Les solutions : L’équipe de Cliche a réduit le temps consacré à la documentation de maintenance mensuelle de 160 heures à quatre. Sammouda a géré le déplacement de 2 000 équipements dans une usine en activité en modélisant numériquement les trajectoires et les séquences de déplacement avant même qu’une seule pièce ne soit manipulée.
Dans une mine de sel, Tetra Tech a utilisé la plateforme pour déterminer si l’équipement pouvait physiquement passer par des tunnels souterrains et a annulé un arrêt prévu car la simulation numérique leur a montré un itinéraire viable.
Mais le point d’entrée le plus courant, celui que Moutafis voit sans cesse, est plus simple : l’inventaire des actifs.
Le cas d’utilisation le plus fréquent est l’inventaire des actifs : il faut d’abord que le client sache ce qui se trouve dans ses locaux. Ensuite, on passe à la modélisation ciblée, puis aux travaux d’ingénierie. On dispose ainsi d’un environnement de test qu’on développe ensuite.
— Adam Moutafis, responsable de la capture de la réalité — Sud des États-Unis, WSP
Connaître l’existant constitue le fondement. Tout le reste se construit par-dessus.
Une fois les portes ouvertes, les gens commencent à se poser des questions auxquelles ils n’avaient jamais pensé auparavant. Planification des trajectoires des robots. Optimisation de l’agencement. Tout cela nous ramène à la question initiale : de quoi disposons-nous réellement ?

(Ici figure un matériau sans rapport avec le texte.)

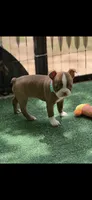 Oakley-AKC, a female Boston Terrier for sale in Konawa, OK – 10 of 10
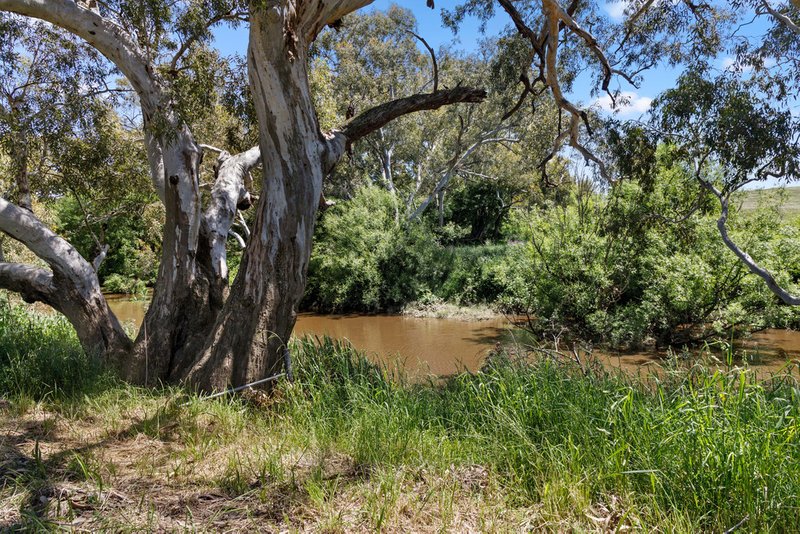 Photo - 517 Yass River Road, Yass River NSW 2582 - Image 4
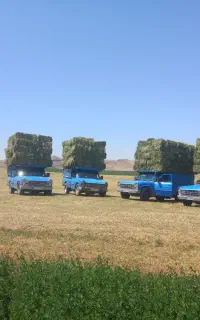 فروش یونجه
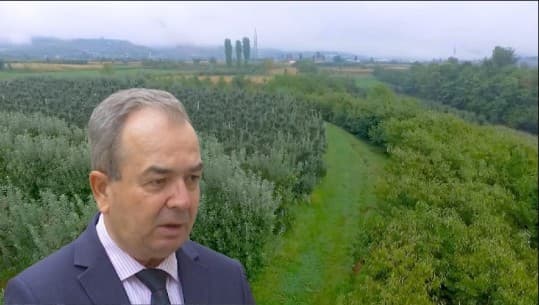 Rrapaj: Blegtorët kanë problemet e kostos dhe këto duhen subvencionuar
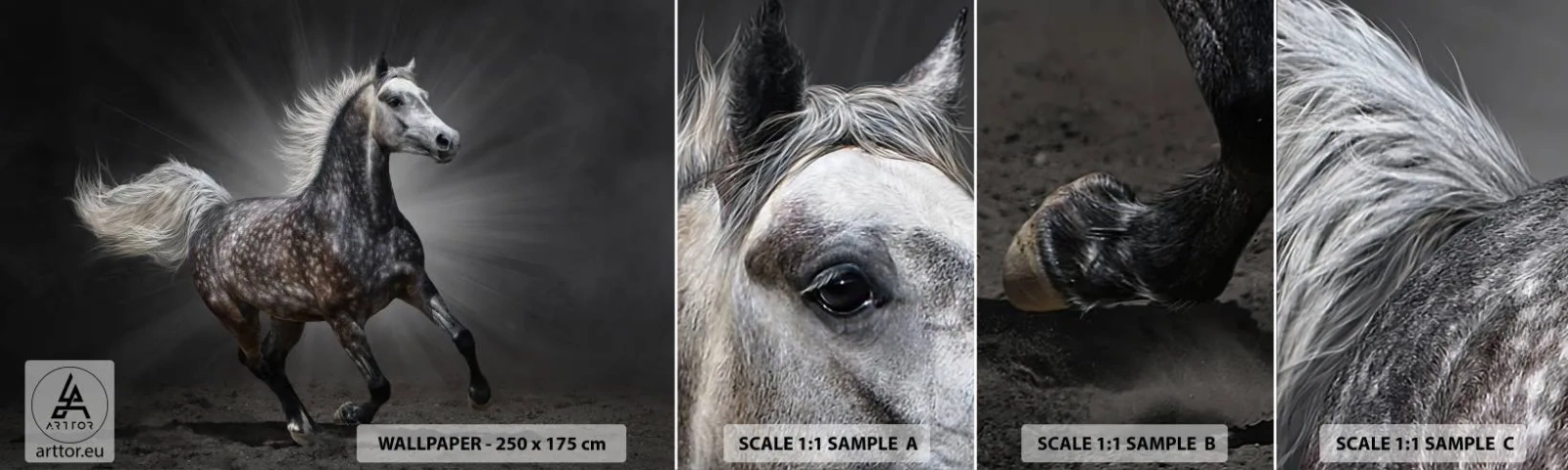 Amostra de papel de parede autocolante Deluxe Sticker - O cinza é lindo - Animais, Cavalo árabe, Natureza - 100x30 cm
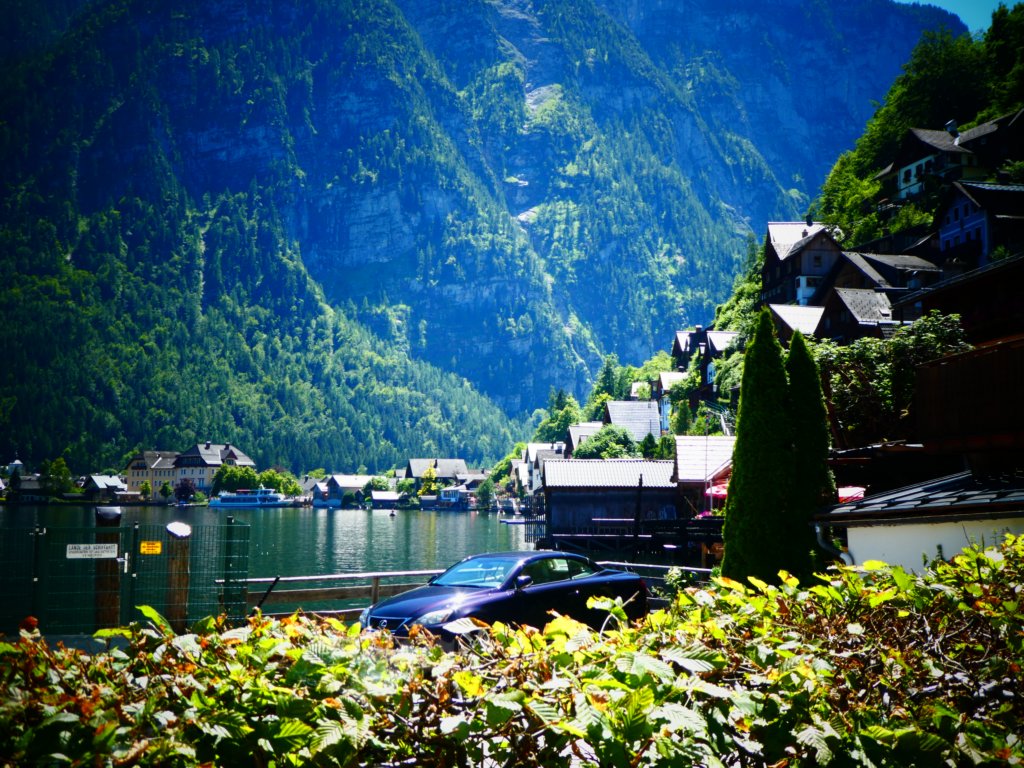photo40.jpg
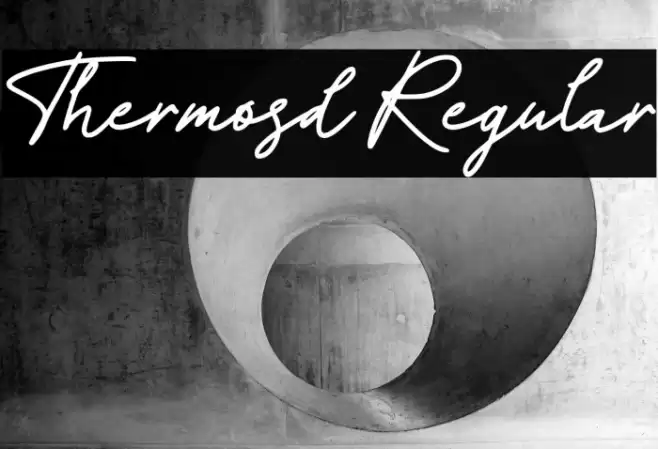 Thermosd Regular Font examples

— Jason Brynford-Jones, directeur des produits, Prevu3D
Les clients ne peuvent pas exiger des fonctionnalités dont ils ignorent l’existence. Les professionnels qui innovent dans ce domaine n’attendent pas qu’on leur pose la question. Ils démontrent les possibilités et laissent les questions venir.
Le problème ne réside pas dans la technologie.
La technologie est mature. Des scanners laser 3D capturent des millions de points par seconde. Des plateformes de capture de la réalité transforment les données brutes en jumeaux numériques navigables et partageables en quelques heures. Des intégrations permettent d’intégrer directement les données de l’existant dans les flux de travail d’ingénierie et de conception, là où les décisions sont prises. Tout cela existe. Rien ne constitue un goulot d’étranglement.
Le problème réside dans la diffusion. Il s’agit de l’écart entre les données collectées pour une personne dans un format donné et celles qui parviennent à tous ceux qui en ont besoin, dans un format exploitable. Par exemple, entre une installation ayant réalisé une numérisation 3D il y a trois ans et qui ignore toujours ce qu’elle possède, ou entre un conflit détecté sur une maquette et celui constaté sur le terrain.
Les spécialistes qui s’efforcent de combler cet écart partagent une approche commune. La numérisation laser 3D et la capture de la réalité ne sont que le point de départ. La véritable valeur ajoutée réside dans la mise à disposition des données du jumeau numérique aux décideurs.
Les modèles sont construits en fonction des besoins opérationnels, les parties prenantes consultent les données des installations avant tout engagement de capitaux, et le modèle tel que construit est maintenu comme un actif numérique vivant.
Cette approche transforme les données spatiales en une ressource à long terme pour la maintenance, l’ingénierie, la planification des investissements et la transformation numérique industrielle.
Voilà à quoi ressemble concrètement la transformation numérique dans les installations industrielles. Non pas une plateforme, mais une pratique.